A study published in 2017 described the extraction and analysis of DNA from 151 mummified ancient Egyptian individuals, whose remains were recovered from Abusir el-Meleq in Middle Egypt. The scientists said that obtaining well-preserved, uncontaminated DNA from mummies has been a problem for the field and that these samples provided "the first reliable data set obtained from ancient Egyptians using high-throughput DNA sequencing methods". The specimens represented a period stretching from the late New Kingdom to the Roman era (1388 BCE–426 CE). Complete mitochondrial DNA (mtDNA) sequences were obtained for 90 of the mummies and were compared with each other and with several other ancient and modern datasets. The scientists found that the ancient Egyptian individuals in their own dataset possessed highly similar mitochondrial profiles throughout the examined period. Modern Egyptians generally shared this maternal haplogroup pattern, but also carried more African clades. However, analysis of the mummies' mtDNA haplogroups found that they shared greater mitochondrial affinities with modern populations from the Near East and the Levant compared to modern Egyptians. Additionally, three of the ancient Egyptian individuals were analysed for Y-DNA, and were observed to bear paternal lineages that are common in both the Middle East and North Africa. The researchers cautioned that the affinities of the examined ancient Egyptian specimens may not be representative of those of all ancient Egyptians since they were from a single archaeological site.[71] Wolfgang Haak, group leader at the Max Planck Institute for the Science of Human History in Jena noted that, “the genetics of the Abusir el-Meleq community did not undergo any major shifts during the 1,300 year timespan we studied, suggesting that the population remained genetically relatively unaffected by foreign conquest and rule."[72]

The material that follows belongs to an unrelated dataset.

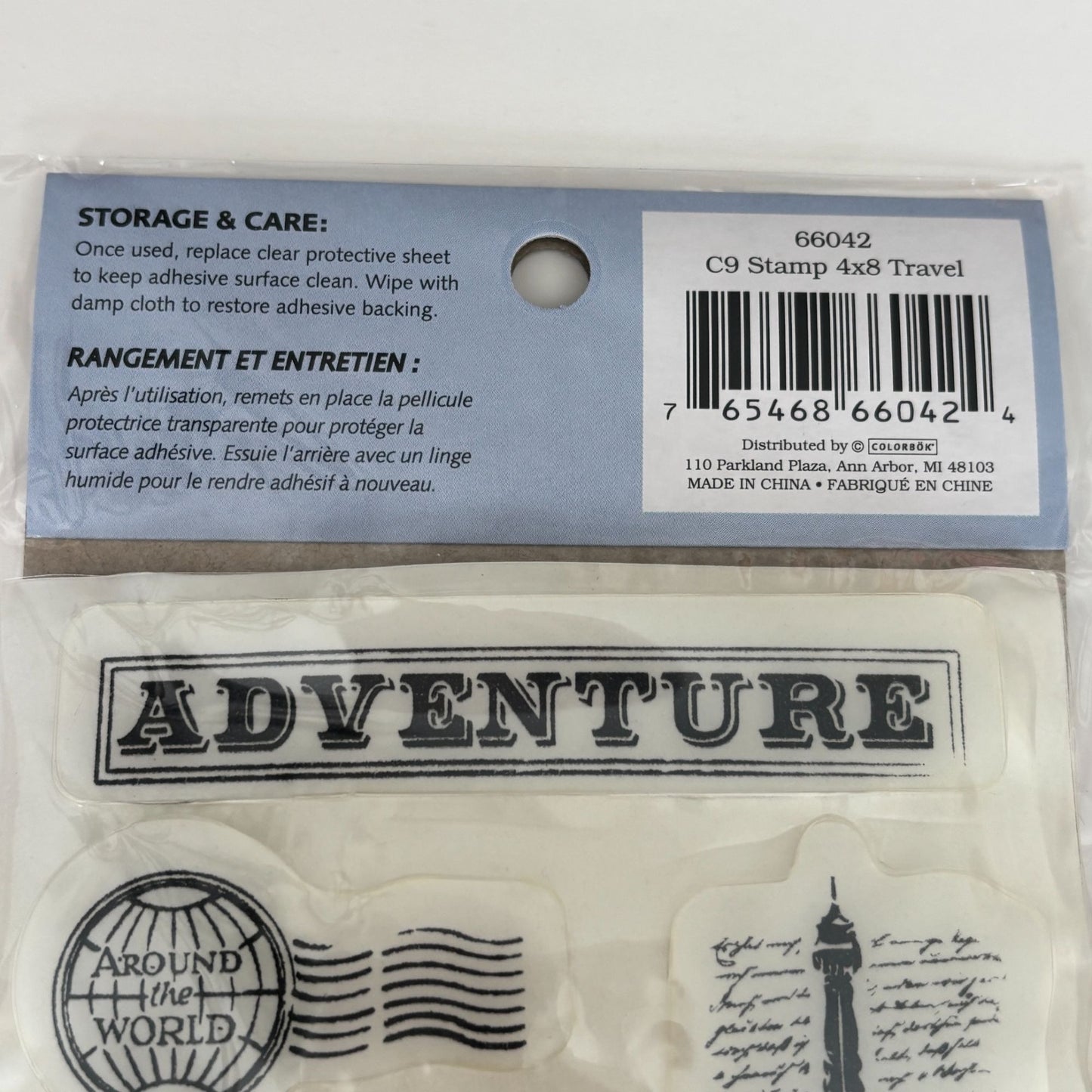 Cloud9 Design Rubber Cling Stamp Set Travel Eiffel Tower Paris Adventure Cardmaking Vintage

A 2020 DNA study by Gad, Hawass et al, analysed mitochondrial and Y-chromosomal haplogroups from Tutankhamun’s family members of the 18th Dynasty, using comprehensive control procedures to ensure quality results. They found that the Y-chromosome haplogroup of the family was R1b, which originates in West Asia and which today makes up 50-60% of the genetic pool of modern Europeans. The mitochondrial haplogroup was K, which is most likely also part of a Near Eastern lineage. Because the profiles for Tutankhamun and Amenhotep III were incomplete, the analysis produced differing probability figures despite having concordant allele results. Because the relationships of these two mummies with the KV55 mummy had previously been confirmed in an earlier study, the haplogroup prediction of both mummies could be derived from the full profile of the KV55 data. However, the specific clade of R1b was not determined.The 20th Dynasty pair of Ramesses III and his son were found to have the haplogroup E1b1a, which has its highest frequencies in modern populations from West Africa and Central Africa, but which is rare among North Africans and nearly absent in East Africa.[73]

Anthropometric indicators

Craniofacial criteria

The use of craniofacial criteria as reliable indicators of population grouping or ethnicity has been a longstanding focus of biological anthropology. In 1912, Franz Boas argued that cranial shape was heavily influenced by environmental factors and could change within a few generations under differing conditions, thereby making the cephalic index an unreliable indicator of inherited influences such as ethnicity.[74] Gravlee, Bernard and Leonard (2003),[75][76] Beals, Smith, and Dodd (1984) and Williams and Armelagos (2005) similarly posited that "race" and cranial variation had low correlations, and proposed that cranial variation was instead strongly correlated with climate variables.[77][78]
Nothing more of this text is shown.